WORK REQUEST
Set out the records below again exactly; skip the images.

EXERCISE MATERIALS
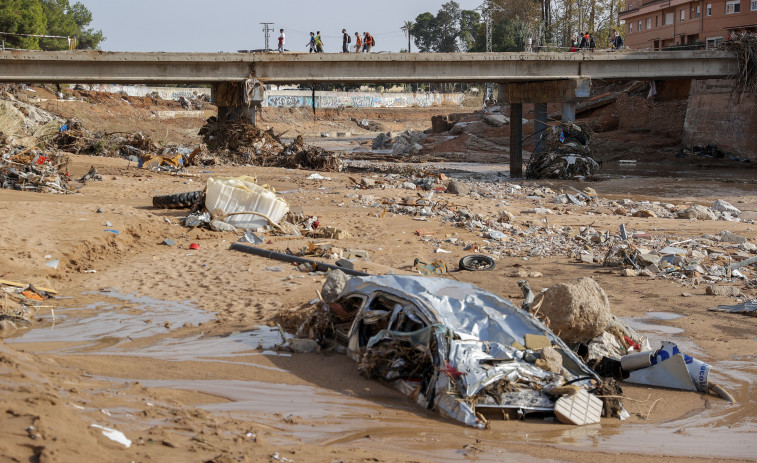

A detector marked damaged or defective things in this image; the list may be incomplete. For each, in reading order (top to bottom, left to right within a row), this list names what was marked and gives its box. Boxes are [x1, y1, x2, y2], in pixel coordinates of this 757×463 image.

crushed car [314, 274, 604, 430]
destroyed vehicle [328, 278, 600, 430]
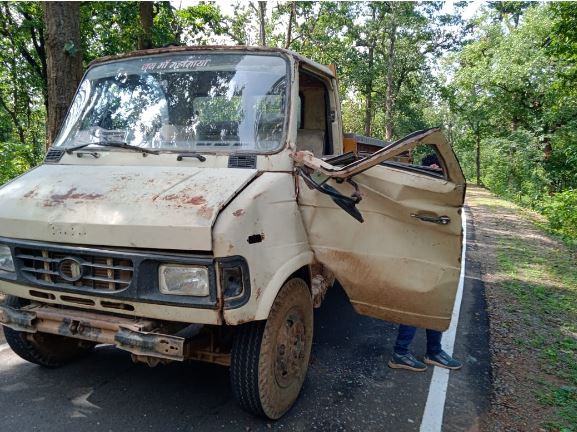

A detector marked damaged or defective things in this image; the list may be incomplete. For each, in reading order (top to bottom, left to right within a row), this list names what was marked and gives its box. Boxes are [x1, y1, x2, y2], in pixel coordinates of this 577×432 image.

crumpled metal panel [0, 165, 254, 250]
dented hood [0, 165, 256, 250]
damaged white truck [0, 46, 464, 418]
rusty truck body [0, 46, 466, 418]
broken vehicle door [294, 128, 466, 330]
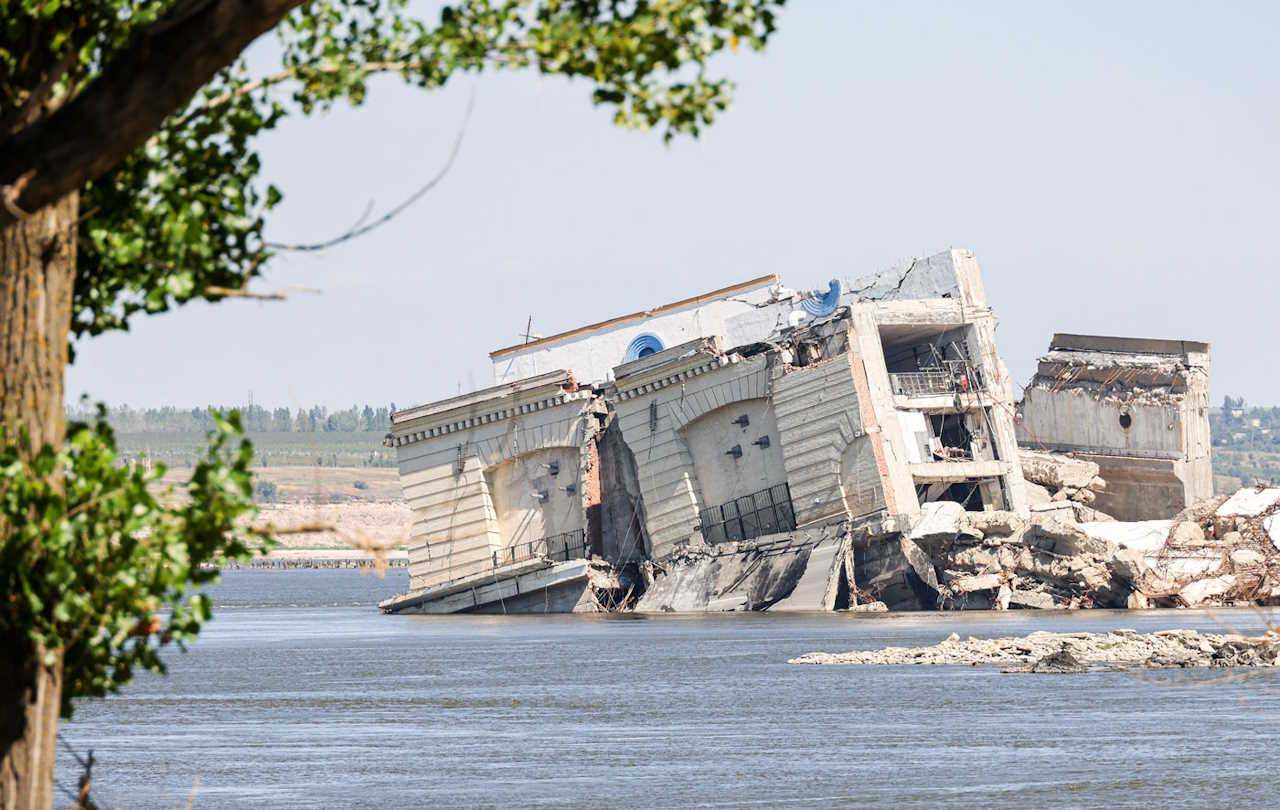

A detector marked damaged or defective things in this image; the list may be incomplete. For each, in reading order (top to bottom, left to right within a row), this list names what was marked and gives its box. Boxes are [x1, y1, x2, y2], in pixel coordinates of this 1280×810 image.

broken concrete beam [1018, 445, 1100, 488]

ANSWER BELOW
A detector marked damaged or defective things in this image; the list may be incomplete. For each, in reading order (top to bottom, left to right within a row), this list names what was marked and gives its box. Boxes are [x1, y1, x2, y2], in pixel coordinates of this 757×463 image.

crushed car [314, 274, 604, 430]
destroyed vehicle [328, 278, 600, 430]

A detector marked damaged or defective things in this image; the list may be incomplete. For each, in reading order (top to bottom, left to right within a row), this list names what was marked and gives its box. Boxes are [x1, y1, x2, y2], in pixel coordinates of this 577×432 image.

crumpled metal panel [0, 165, 254, 250]
dented hood [0, 165, 256, 250]
damaged white truck [0, 46, 464, 418]
rusty truck body [0, 46, 466, 418]
broken vehicle door [294, 128, 466, 330]

A detector marked damaged or defective things in this image; the list may be incomplete. For each, in reading order (top to bottom, left to right within a row), this list names what was marked and gives its box. Boxes are [x1, y1, x2, y2], in pixel coordinates of this 1280×810 image.

broken concrete beam [1018, 445, 1100, 488]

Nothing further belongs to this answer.